The term "unexpected positive cultures" may not be the best term: if cultures were not expected to be positive, why were they taken in the first place?
These authors note that many studies have found a high rate of positive cultures after revisions of failed shoulder arthroplasties that did not show the classic signs of infection (fever, chills, and elevated inflammatory markers in blood and joint fluid)
The purpose of this study of arthroplasty revisions performed on shoulders without obvious preoperative evidence of infection was to compare the patient-reported outcomes for those patients with and without substantially positive intra-operative cultures.
Preoperative antibiotics were withheld until biopsy specimens were obtained. Thereafter, an intravenous (IV) dose of either 1.5 g cefuroxim or 1 g dicloxacillin was administered. At surgery an "infection-type" revision was performed with debridement of scar and cement, antibiotic irrigation, and single stage exchange of implants. After surgery an "infection-type" antibiotic regimen was implemented: postoperative IV antibiotics for the first 24 hours followed by either oral or IV antibiotic treatment covering at least C acnes until the final culture result was available. If cultures exhibited growth at readings up to the fourth postoperative day, then 2 weeks of IV treatment were initiated, followed by 4 weeks of oral treatment. If cultures were positive at the reading on the 14th postoperative day, then an additional 4 weeks of oral treatment were recommended.
Five biopsies were obtained from 124 revisions. 27 shoulders (22%) had 3 or more positive cultures for the same organism. Cutibacterium acnes accounted for 67% of these (18/27).
All patients were assessed using the Oxford Shoulder Score (OSS) and range of motion preoperatively and after at least a 2-year follow-up (median follow-up of 29 months. At baseline, the OSS was 22 in both the culture-negative and the culture positive groups. At follow-up, the OSS was similar for the two groups: 37 in the culture-negative group and 35 in the culture positive group. One might conclude from this result that the presence of positive cultures was unimportant. A more attractive conclusion is that the shoulders with three or more out of five positive cultures were adequately managed by the surgical removal of potentially biofilm-coated implants, thorough debridement and a vigorous postoperative antibiotic protocol.
The results of this study are remarkably similar to those of another recent publication: Single-Stage Revision Is Effective for Failed Shoulder Arthroplasty with Positive Cultures for Propionibacterium
In that study, 55 shoulders without obvious clinical evidence of infection had a single-stage revision arthroplasty. The patient self-assessed functional outcomes for shoulders with ≥2 positive cultures for Propionibacterium (the culture positive group) were compared with shoulders with no positive cultures or only 1 positive culture (the control group).
The surgery consisted of complete prosthesis removal, debridement, antibiotic irrigation and reimplantation of a new prosthesis After all culture specimens were obtained, 15 mg/kg of vancomycin and 2 g of ceftriaxone were administered intravenously. In cases in which there was a high index of suspicion, the patient was maintained on intravenous ceftriaxone through a peripherally inserted central catheter (PICC) (the Red Protocol). If the cultures were negative at 3 weeks, all antibiotics were discontinued. In cases in which there was a low index of suspicion for infection, patients were placed on oral amoxicillin and clavulanate (the Yellow Protocol) either until the cultures were negative at 21 days or until 2 cultures with the same bacterial species became positive.
The culture-positive group had 89% male patients, with a mean age (and standard deviation) of 63.5 ± 7.2 years. The mean Simple Shoulder Test (SST) scores for the 27 culture-positive shoulders improved from 3.2 ± 2.8 points before the surgical procedure to 7.8 ± 3.3 points at a mean follow-up of 45.8 ± 11.7 months after the surgical procedure (p < 0.001), a mean improvement of 49% of the maximum possible improvement.
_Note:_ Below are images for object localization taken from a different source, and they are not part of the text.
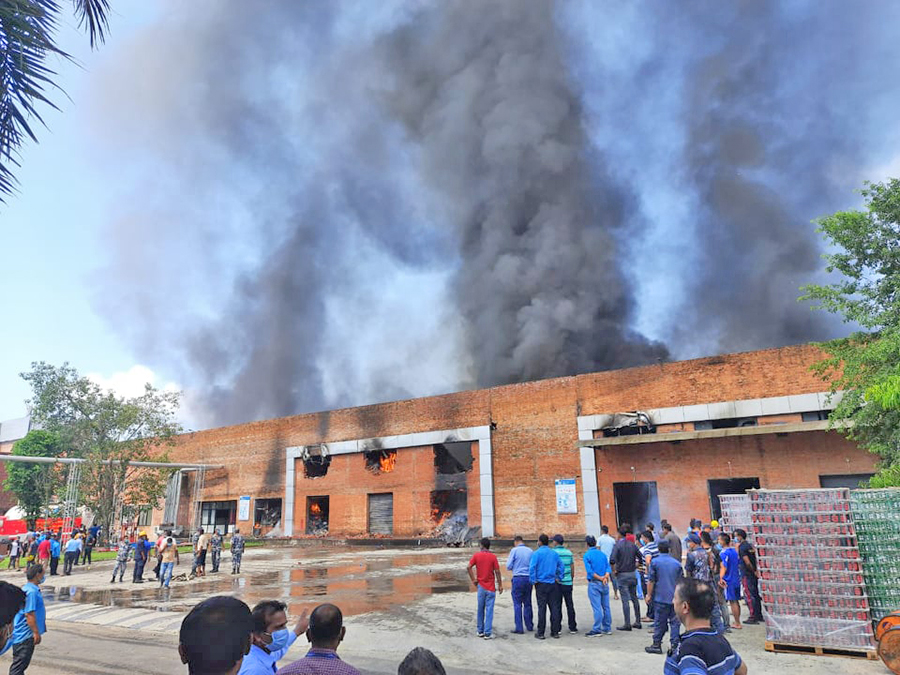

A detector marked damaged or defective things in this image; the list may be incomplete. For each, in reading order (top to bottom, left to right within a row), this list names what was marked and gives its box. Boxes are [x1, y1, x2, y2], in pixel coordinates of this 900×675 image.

damaged window opening [304, 454, 332, 480]
damaged window opening [364, 448, 396, 476]
damaged window opening [432, 440, 474, 472]
damaged window opening [306, 494, 330, 536]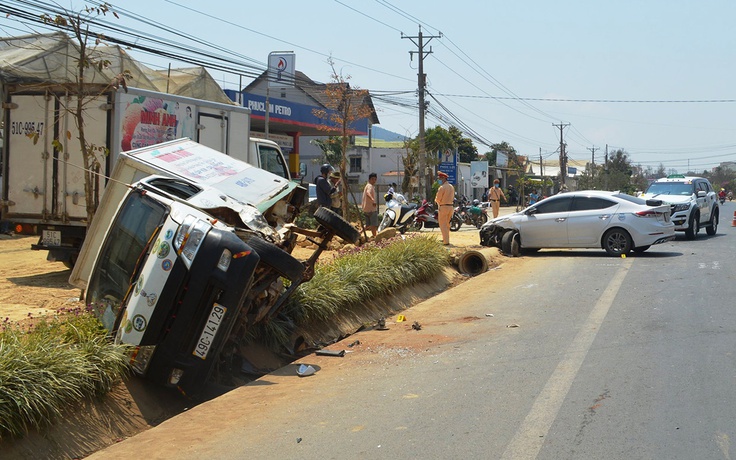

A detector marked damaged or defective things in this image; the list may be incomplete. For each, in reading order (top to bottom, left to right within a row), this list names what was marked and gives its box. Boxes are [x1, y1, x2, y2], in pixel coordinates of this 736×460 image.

overturned white truck [69, 138, 360, 398]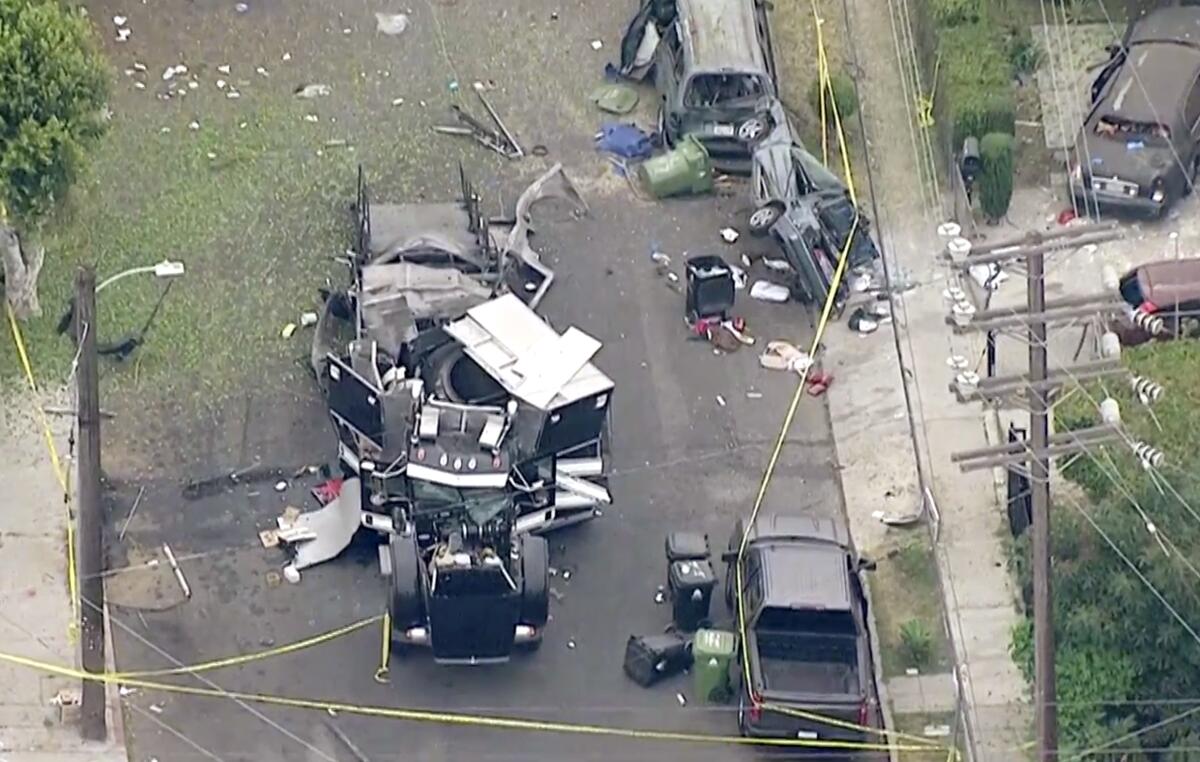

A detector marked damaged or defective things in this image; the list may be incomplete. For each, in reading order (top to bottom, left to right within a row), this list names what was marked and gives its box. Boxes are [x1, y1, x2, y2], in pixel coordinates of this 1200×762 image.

wrecked vehicle [620, 0, 780, 172]
damaged car [620, 0, 780, 172]
wrecked vehicle [1072, 6, 1200, 217]
damaged car [1072, 7, 1200, 217]
wrecked vehicle [752, 137, 880, 306]
damaged car [752, 137, 880, 306]
wrecked vehicle [1112, 260, 1200, 346]
damaged car [300, 165, 608, 660]
wrecked vehicle [304, 165, 616, 660]
overturned car [304, 165, 616, 660]
destroyed armored truck [304, 165, 616, 660]
wrecked vehicle [716, 512, 876, 740]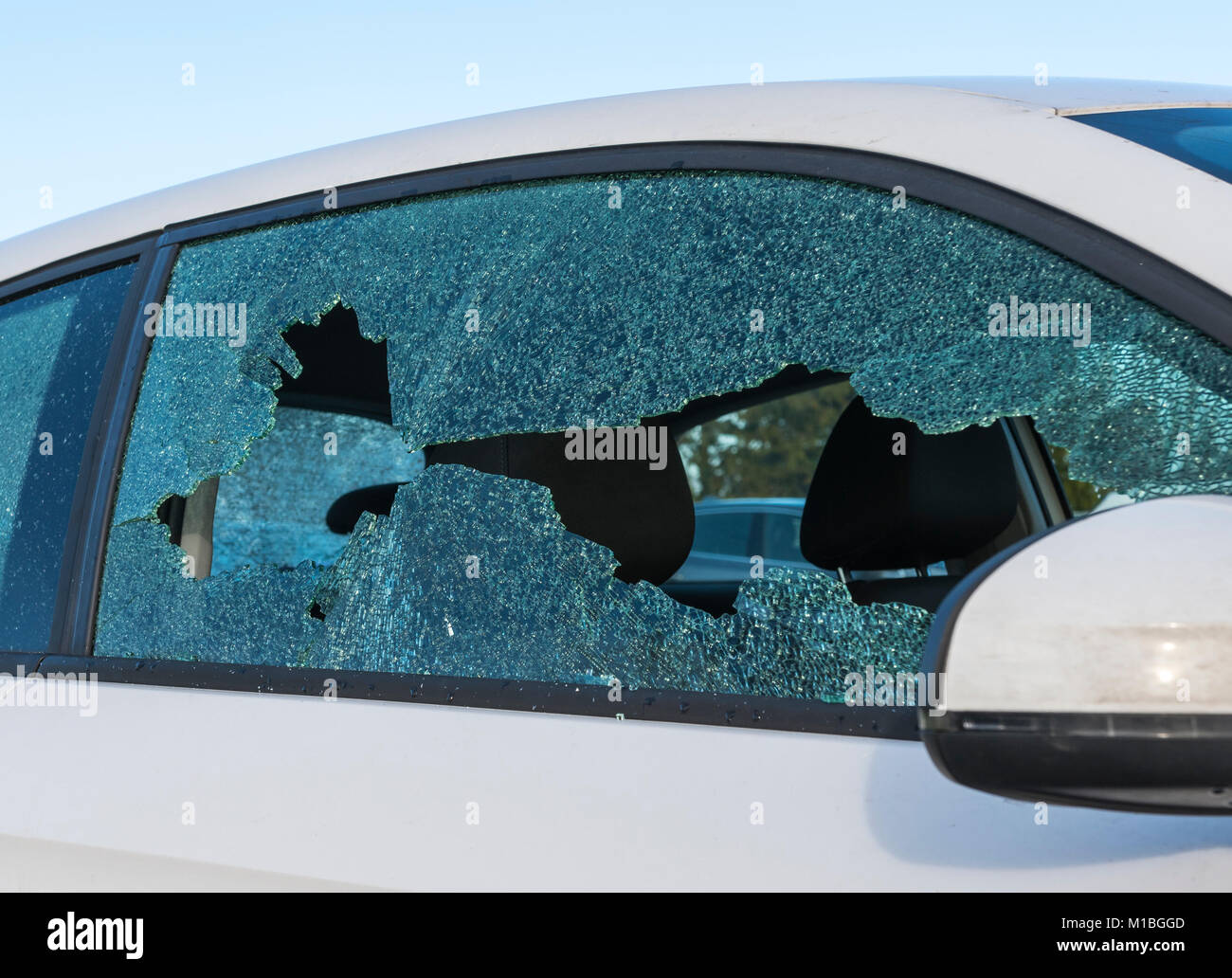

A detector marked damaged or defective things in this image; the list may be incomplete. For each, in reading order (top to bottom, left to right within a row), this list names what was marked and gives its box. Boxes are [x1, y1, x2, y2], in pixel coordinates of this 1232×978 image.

shattered glass [0, 262, 135, 650]
shattered glass [99, 173, 1232, 695]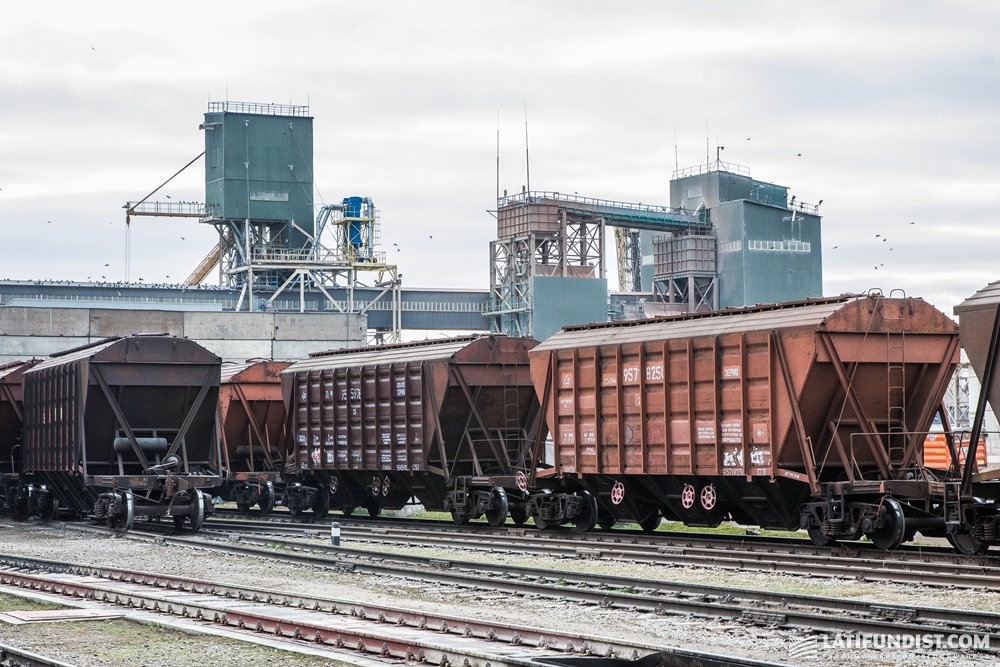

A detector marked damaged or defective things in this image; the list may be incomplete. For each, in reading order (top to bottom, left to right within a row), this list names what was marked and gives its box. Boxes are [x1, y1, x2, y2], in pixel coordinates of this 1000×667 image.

The control group had 39% male patients, with a mean age of 67.1 ± 8.1 years. The mean SST scores for the 28 control shoulders improved from 2.6 ± 1.9 points preoperatively to 6.1 ± 3.4 points postoperatively at a mean follow-up of 49.6 ± 11.8 months (p < 0.001), a mean improvement of 37% of the maximum possible improvement.
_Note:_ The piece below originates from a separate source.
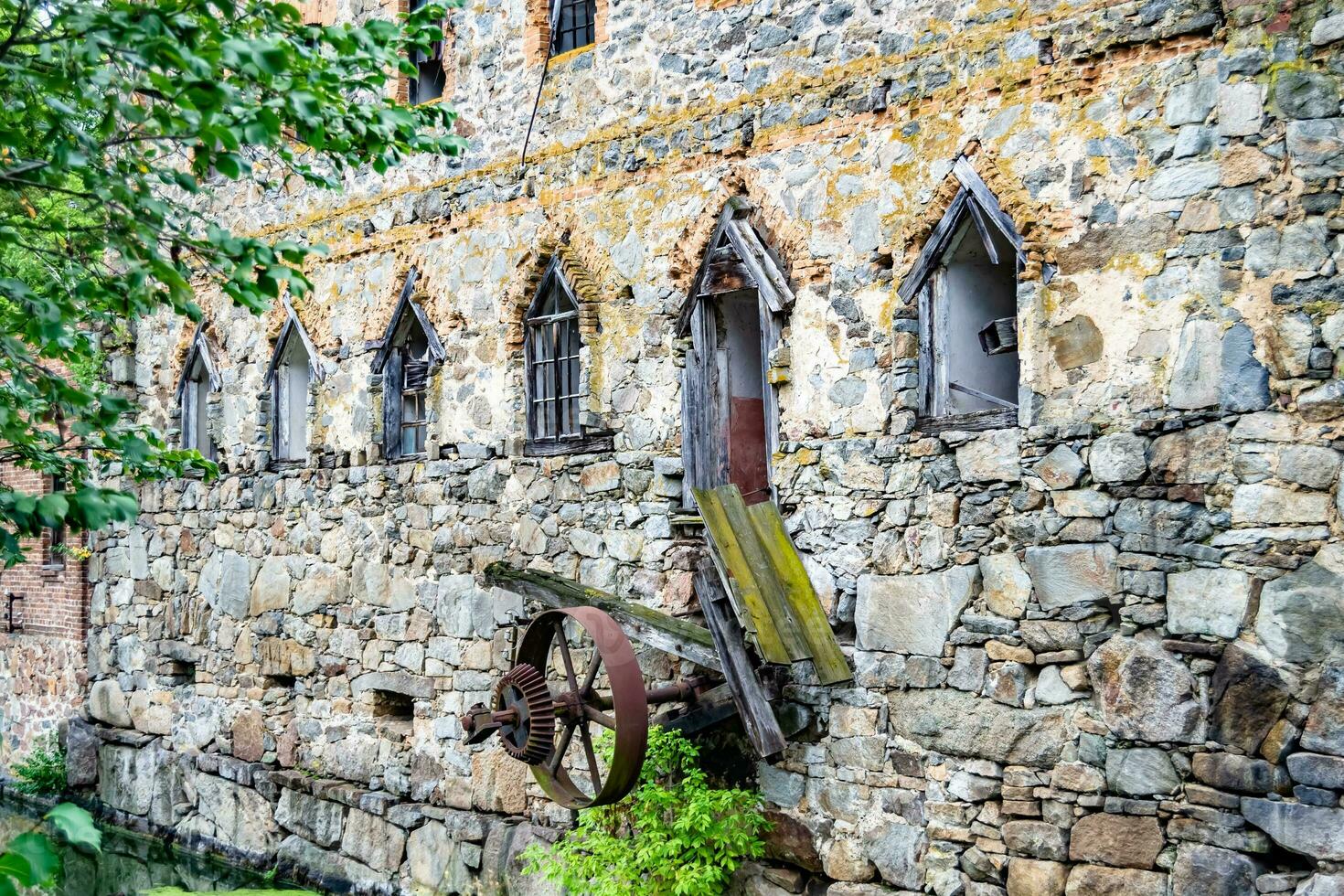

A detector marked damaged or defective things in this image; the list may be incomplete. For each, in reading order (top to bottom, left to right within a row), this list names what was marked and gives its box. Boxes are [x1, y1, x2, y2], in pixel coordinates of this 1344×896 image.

rusty gear wheel [494, 666, 556, 764]
rusted metal wheel [516, 607, 651, 808]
Subsequent procedures for persistent pain or stiffness were required in 3 patients (11%) in the culture positive group and in 3 patients (11%) in the control group; none of the revisions were culture-positive.
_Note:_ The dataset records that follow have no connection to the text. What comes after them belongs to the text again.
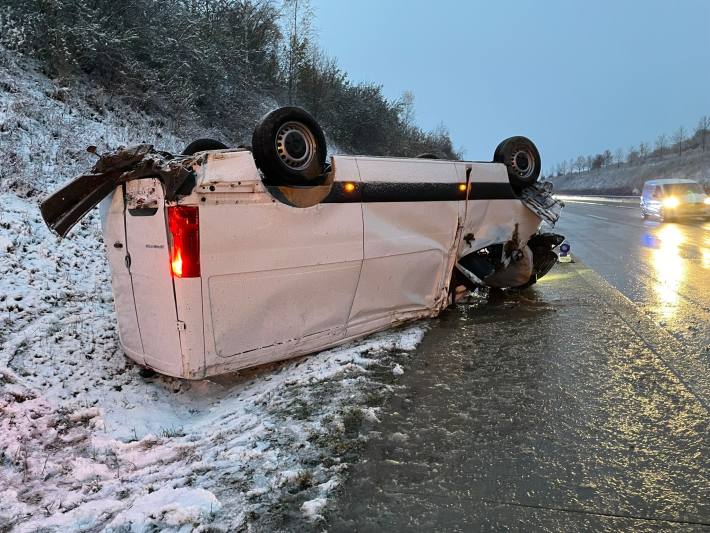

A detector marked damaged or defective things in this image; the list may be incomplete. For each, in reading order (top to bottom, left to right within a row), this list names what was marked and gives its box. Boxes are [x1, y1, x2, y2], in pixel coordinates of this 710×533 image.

exposed tire [184, 138, 228, 155]
exposed tire [252, 106, 326, 185]
exposed tire [498, 136, 544, 190]
overturned white van [43, 106, 568, 376]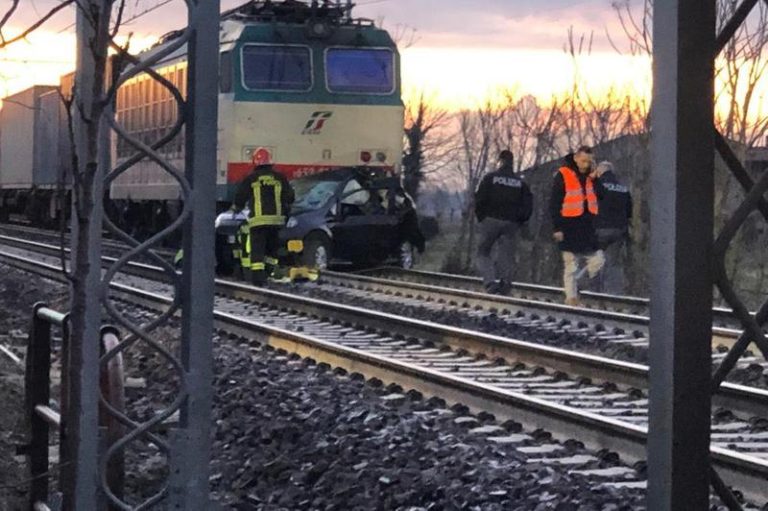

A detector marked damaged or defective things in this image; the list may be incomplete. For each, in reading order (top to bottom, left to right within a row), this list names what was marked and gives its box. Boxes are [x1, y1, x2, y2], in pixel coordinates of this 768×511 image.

crashed black car [216, 168, 426, 274]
The authors concluded that the clinical outcomes after single-stage revision for Propionibacterium culture-positive shoulders were at least as good as the outcomes in revision procedures for control shoulders and that two-stage revision procedures may not be necessary in the management of these cases.
In sum, both groups of authors treated all of these revisions with a type of surgery and postoperative antibiotic regimen anticipating that a substantial percentage of the intraoperative cultures would be positive - even though there was not compelling preoperative evidence of infection. This is important because it is recognized that many, if not most, shoulder periprosthetic infections have a "stealth" rather than an "obvious" presentation.